Alex saw nothing but black, quickly drifting storm clouds rolling in waves over the island. Thunder boomed above them. They picked up their pace, with no words between them, both knowing there was no way they’d avoid the coming deluge.
They made it another hundred feet before the rain began to fall in buckets. Katie broke out in a laugh as she ran ahead of Alex, “Come on!”
Alex followed her, as hail began to assault them like hundreds of rocks being cast by God himself at the murderer and his girl.
“Shit!” Alex said, pushing himself to run faster.
Ahead, Katie found cover in a small cave.
A tree cracked and fell somewhere behind Alex, crashing to the forest floor as the wind cried chaos and the hail thickened the world around him to a gray wall of pain peppering his body.

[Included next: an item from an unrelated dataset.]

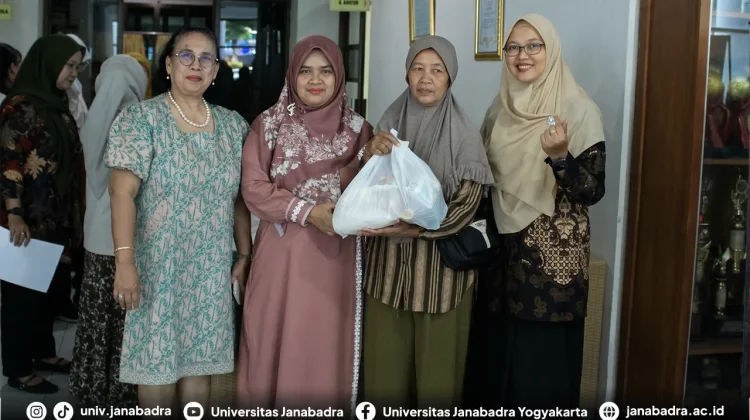 Sambut Idulfitri, Ikatan Perempuan Janabadra Gelar Pengajian dan Bakti Sosial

Alex could barely make out the rise of the cave ahead, could barely see the maw of its dark mouth.
“Come on!” Katie cried, her voice barely rising above the angry howl.
Alex raced in as lightning ignited the sky in a celestial fireworks show.
Inside the cave, Alex almost collapsed leaning against a wall, then bent over and sucked in a gallon of air to recover his breath.
“Holy shit, where did that come from?!” Alex said, staring out at the wall of gray. He set his backpack on the ground, then turned toward Katie, peering into the depths of the cave, which seemed to go deeper and farther back than he’d have ever guessed from the outside. “And where did this cave come from?”